Virtual supermarket shopping with a smartphone

Summary:While you're waiting for a train, why not do your weekly supermarket shop? A subway/tube/metro station might be too small to hold a typical Tesco, but you can substitute pictures of shelves for the real thing.

While you're waiting for a train, why not do your weekly supermarket shop? A subway/tube/metro station might be too small to hold a typical Tesco, but you can substitute pictures of shelves for the real thing. Customers can then use their smartphones to buy products simply by scanning their QR codes. It doesn't matter that the virtual shelves don't hold real products, because you wouldn't want to be lumbered with five bags of groceries on a rush-hour train. They're delivered to your door instead.

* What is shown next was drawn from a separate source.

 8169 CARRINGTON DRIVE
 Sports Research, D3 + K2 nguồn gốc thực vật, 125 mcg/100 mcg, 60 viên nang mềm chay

This virtual shopping system is already in operation in South Korea, and it has just won marketing agency Cheil Worldwide the Grand Prix in Media at the international advertising festival in Cannes. According to Adcom, the Media category attracted 2,895 entries from 67 countries. However, the head of the jury, Maria Luisa Francoli Plaza from media agency MPG, said: "It was pretty unanimous. When we saw this case most of us appreciated the difference and the consumer insight."

Tesco Homeplus virtual shopping Tesco Homeplus virtual shopping Adobo Magazine's Cannes Lions 2011 feature has a large large version (4961 x 3645 pixels) of this picture.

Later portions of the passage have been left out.